St. Josaphat Basilica illuminates its dome

Part of efforts to restore 120-year-old church

The illuminated St. Josaphat Basilica dome. Lila Aryan Photography
The illuminated St. Josaphat Basilica dome. Lila Aryan Photography

Last updated on October 1st, 2019 at 05:23 pm

The giant dome atop St. Josaphat Basilica in Milwaukee’s Lincoln Village neighborhood on the city’s south side has long stood as a landmark, but the structure now stands out more than ever before.

That’s because a new lighting system has been installed to illuminate the iconic dome at night.

The dome was lit for the first time on Saturday, Sept. 21, at around 7:20 p.m. during a ceremony and community event hosted by the St. Josaphat Basilica Foundation, a nonprofit organization that has worked to restore and preserve the 120-year-old church building since 1991.

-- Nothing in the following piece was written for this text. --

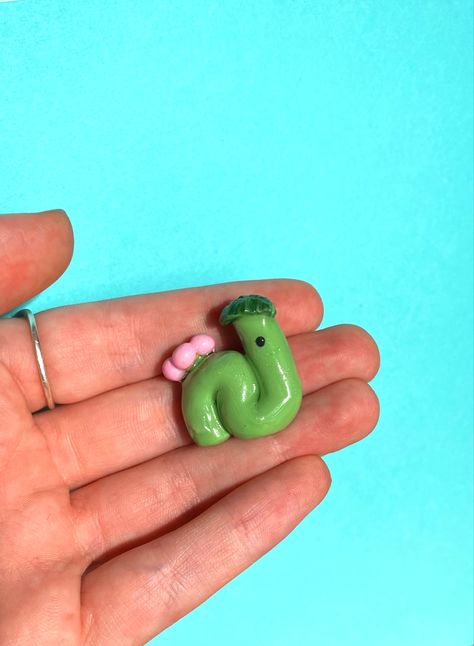 Polymer Clay Worm, Clay Worm, Polymer Clay Creations, Polymer Clay Art, Clay Charms, Clay Creations, Clay Art, Terrarium, Polymer Clay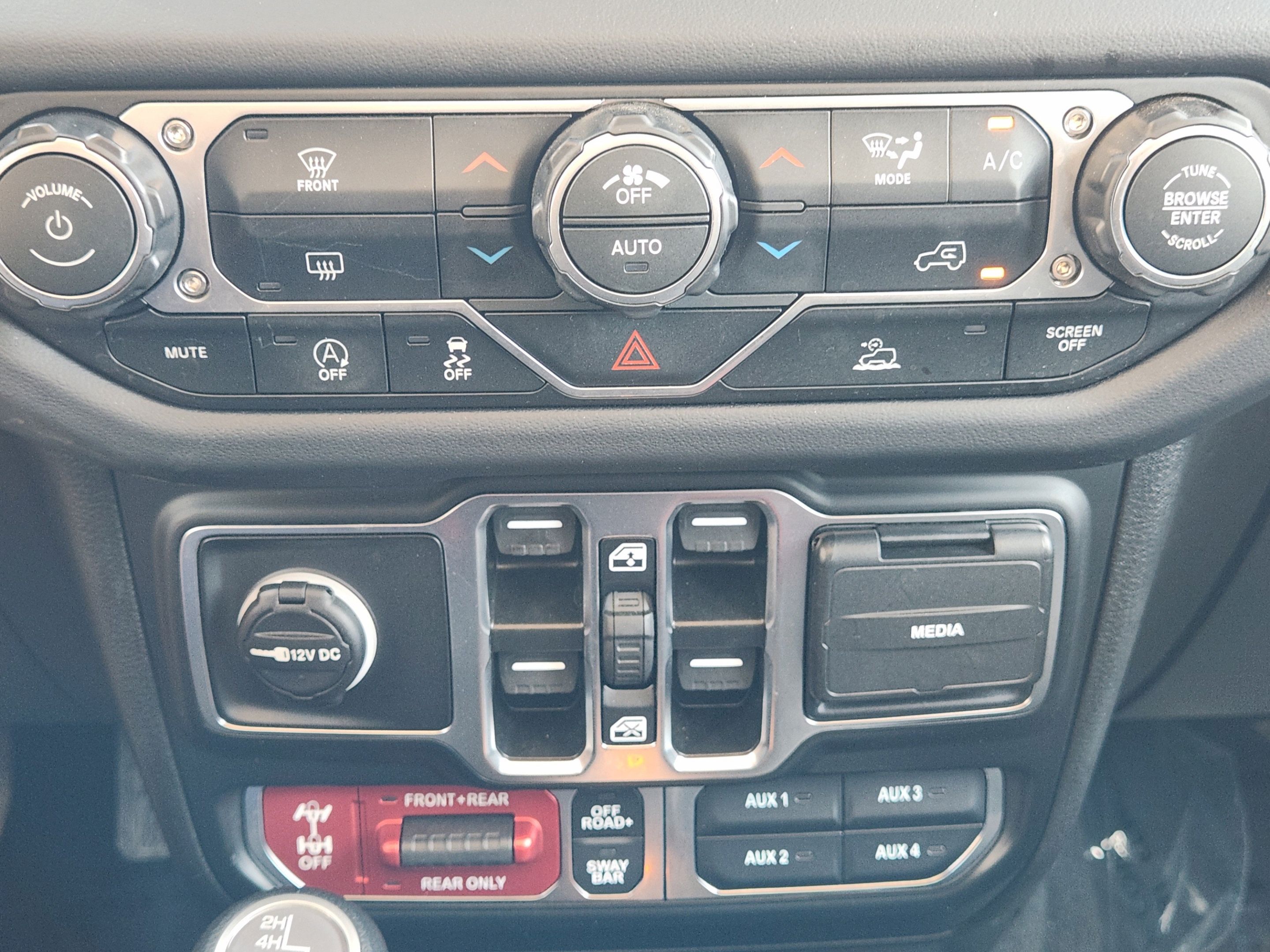 Used 2026 Jeep Wrangler Unlimited Rubicon AWD/4WD image 13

“It’s a building that should be highlighted for its beauty and it should be lit up to focus on the fact that it’s been in Lincoln village for 120 years,” said Colleen Cheney-Trawiński, executive director of the St. Josaphat Basilica Foundation. “It’s a place of worship. It’s highlighting the faith of the church, it’s highlighting the neighborhood and it’s certainly highlighting the community around it. And it was very important to really give it the true prominence in the skyline of Milwaukee.”

LED lights were installed at 26 locations surrounding St. Josaphat, including new lamp posts and rooftops of various businesses and buildings, making the year-long project a community effort, Cheney-Trawiński said.

“We had to go out to the neighborhood, get permission, get people to buy into this and most people were excited by it,” she said. “They saw the value in lighting the dome. So, it really has brought the community together.”

The total cost for the dome lighting project was $400,000, which came from private donations.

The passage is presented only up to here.